▶ [Record extracts]
=== Section Start ===

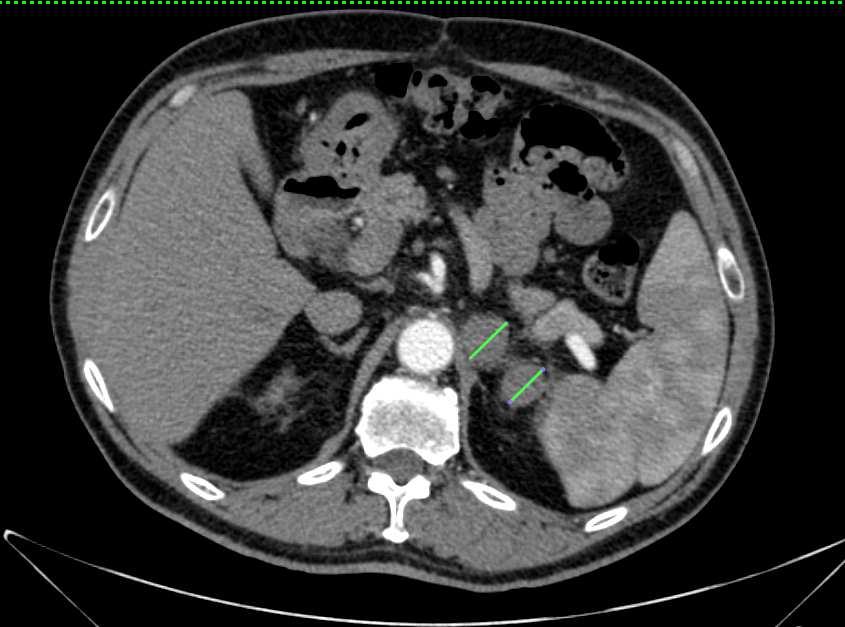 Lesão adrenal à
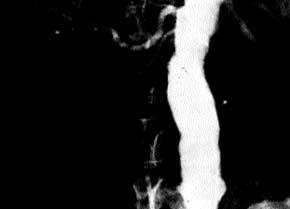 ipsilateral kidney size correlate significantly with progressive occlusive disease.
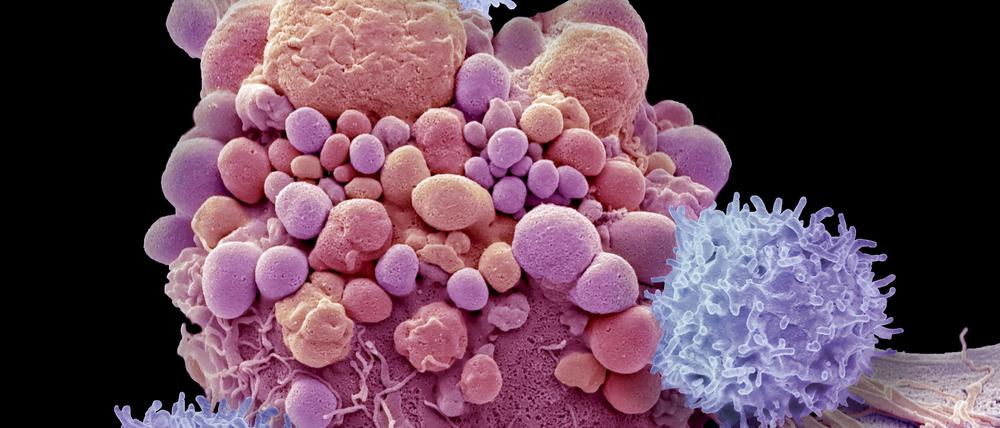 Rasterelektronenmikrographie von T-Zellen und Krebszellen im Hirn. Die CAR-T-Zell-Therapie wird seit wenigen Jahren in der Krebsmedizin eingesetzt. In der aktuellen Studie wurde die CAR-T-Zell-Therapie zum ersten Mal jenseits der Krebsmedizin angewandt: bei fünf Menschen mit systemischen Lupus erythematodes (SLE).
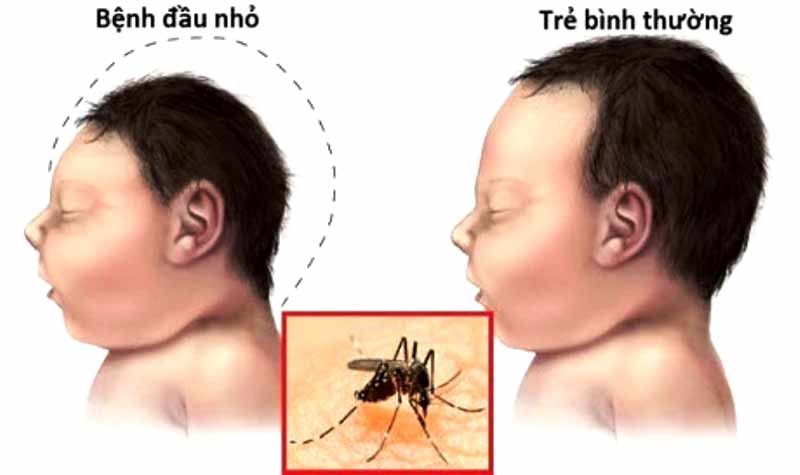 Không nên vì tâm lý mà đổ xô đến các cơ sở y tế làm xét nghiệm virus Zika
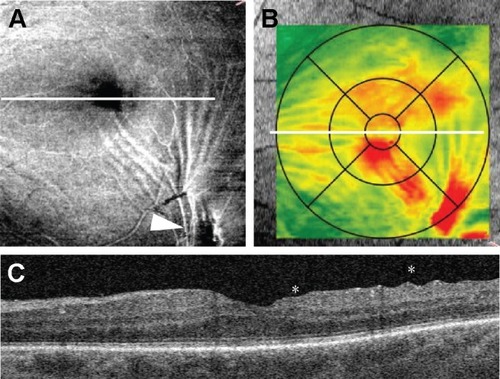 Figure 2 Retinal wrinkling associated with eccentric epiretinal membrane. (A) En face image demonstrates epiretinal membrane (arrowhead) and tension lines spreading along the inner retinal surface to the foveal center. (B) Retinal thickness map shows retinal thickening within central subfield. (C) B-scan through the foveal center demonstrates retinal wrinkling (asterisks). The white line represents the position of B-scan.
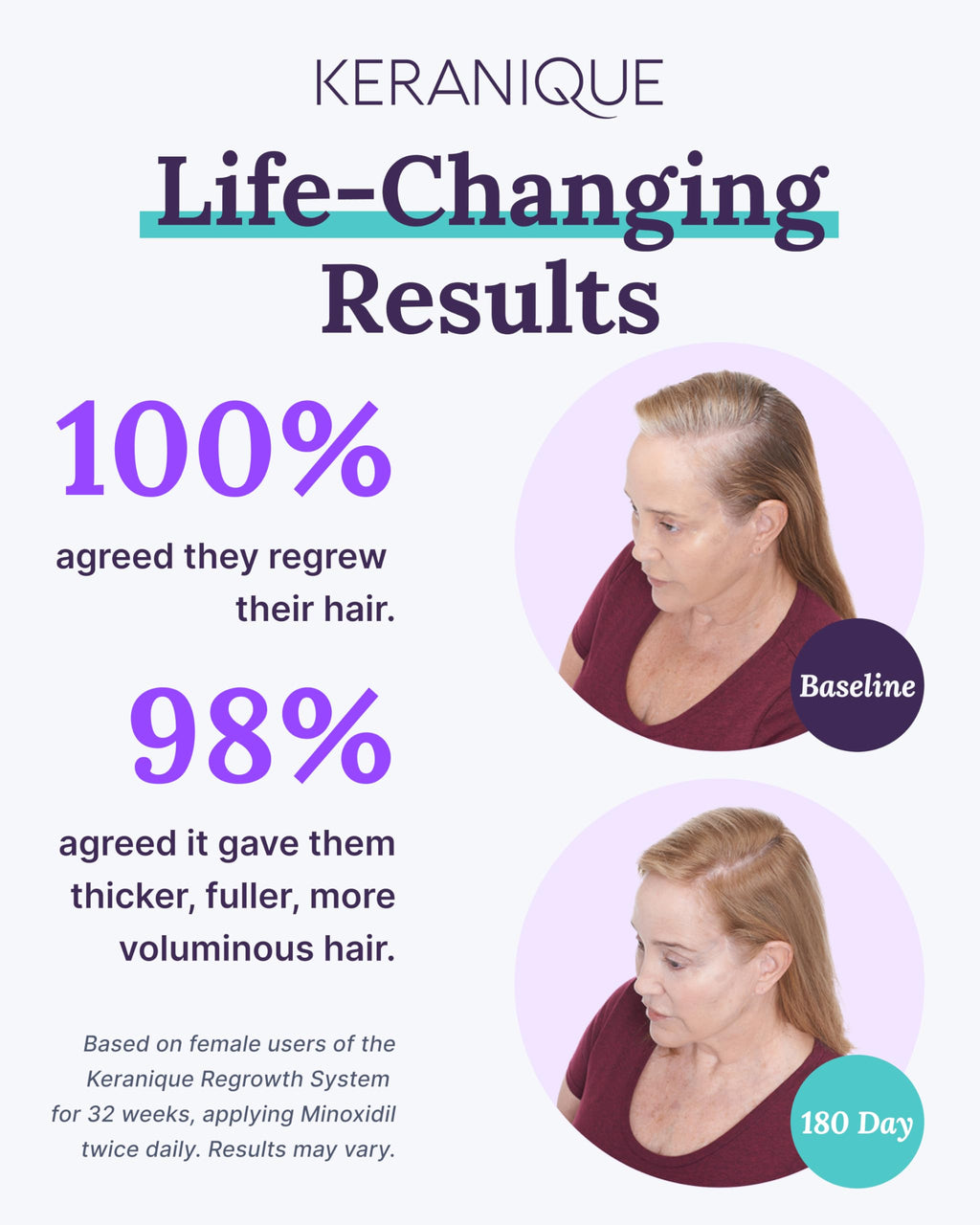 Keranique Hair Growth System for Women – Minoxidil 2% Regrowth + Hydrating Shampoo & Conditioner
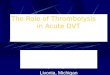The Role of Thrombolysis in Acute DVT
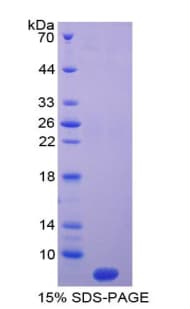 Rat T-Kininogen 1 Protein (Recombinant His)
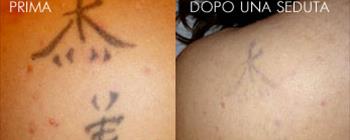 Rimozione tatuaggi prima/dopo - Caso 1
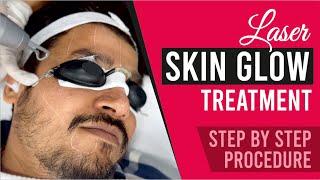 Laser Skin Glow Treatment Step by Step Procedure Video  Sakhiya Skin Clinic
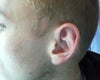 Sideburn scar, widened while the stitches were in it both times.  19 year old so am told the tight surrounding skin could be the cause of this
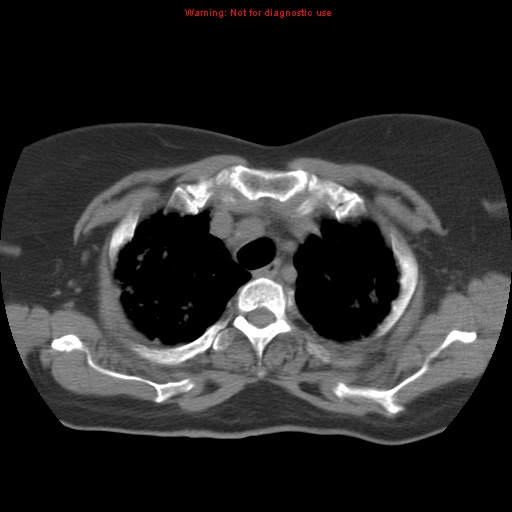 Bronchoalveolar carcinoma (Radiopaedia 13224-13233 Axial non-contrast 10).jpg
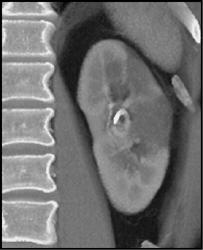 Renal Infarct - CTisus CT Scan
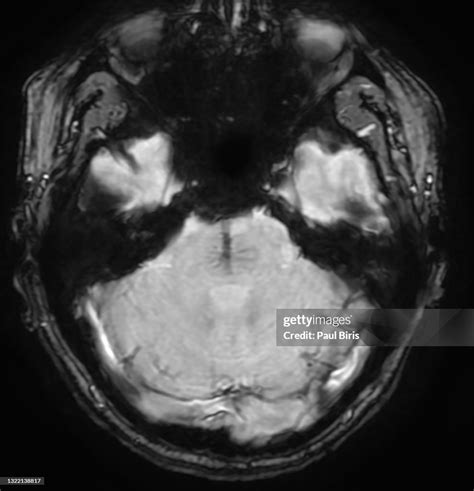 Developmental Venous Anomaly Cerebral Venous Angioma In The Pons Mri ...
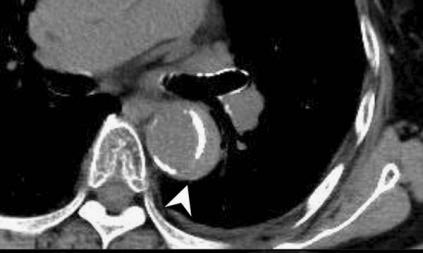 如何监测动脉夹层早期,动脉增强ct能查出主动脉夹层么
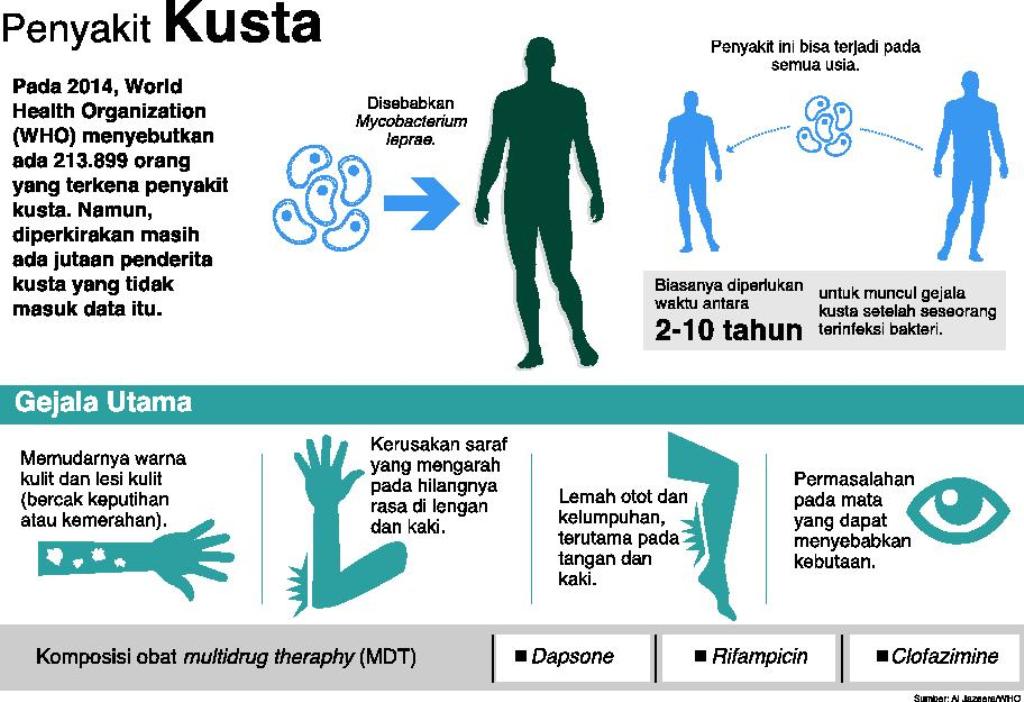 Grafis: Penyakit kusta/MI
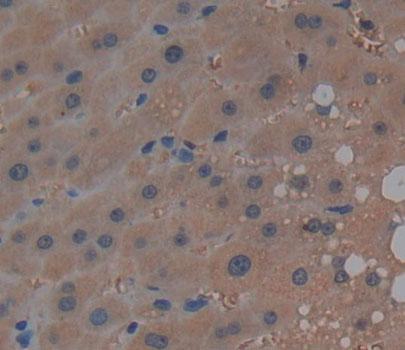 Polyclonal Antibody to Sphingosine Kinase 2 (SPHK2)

=== Section End ===

▶ [Exercise] From the first line above to the last, copy the records exactly but omit the pictures.

▶ [Solution to this problem]
 Lesão adrenal à
 ipsilateral kidney size correlate significantly with progressive occlusive disease.
 Rasterelektronenmikrographie von T-Zellen und Krebszellen im Hirn. Die CAR-T-Zell-Therapie wird seit wenigen Jahren in der Krebsmedizin eingesetzt. In der aktuellen Studie wurde die CAR-T-Zell-Therapie zum ersten Mal jenseits der Krebsmedizin angewandt: bei fünf Menschen mit systemischen Lupus erythematodes (SLE).
 Không nên vì tâm lý mà đổ xô đến các cơ sở y tế làm xét nghiệm virus Zika
 Figure 2 Retinal wrinkling associated with eccentric epiretinal membrane. (A) En face image demonstrates epiretinal membrane (arrowhead) and tension lines spreading along the inner retinal surface to the foveal center. (B) Retinal thickness map shows retinal thickening within central subfield. (C) B-scan through the foveal center demonstrates retinal wrinkling (asterisks). The white line represents the position of B-scan.
 Keranique Hair Growth System for Women – Minoxidil 2% Regrowth + Hydrating Shampoo & Conditioner
The Role of Thrombolysis in Acute DVT
 Rat T-Kininogen 1 Protein (Recombinant His)
 Rimozione tatuaggi prima/dopo - Caso 1
 Laser Skin Glow Treatment Step by Step Procedure Video  Sakhiya Skin Clinic
 Sideburn scar, widened while the stitches were in it both times.  19 year old so am told the tight surrounding skin could be the cause of this
 Bronchoalveolar carcinoma (Radiopaedia 13224-13233 Axial non-contrast 10).jpg
 Renal Infarct - CTisus CT Scan
 Developmental Venous Anomaly Cerebral Venous Angioma In The Pons Mri ...
 如何监测动脉夹层早期,动脉增强ct能查出主动脉夹层么
 Grafis: Penyakit kusta/MI
 Polyclonal Antibody to Sphingosine Kinase 2 (SPHK2)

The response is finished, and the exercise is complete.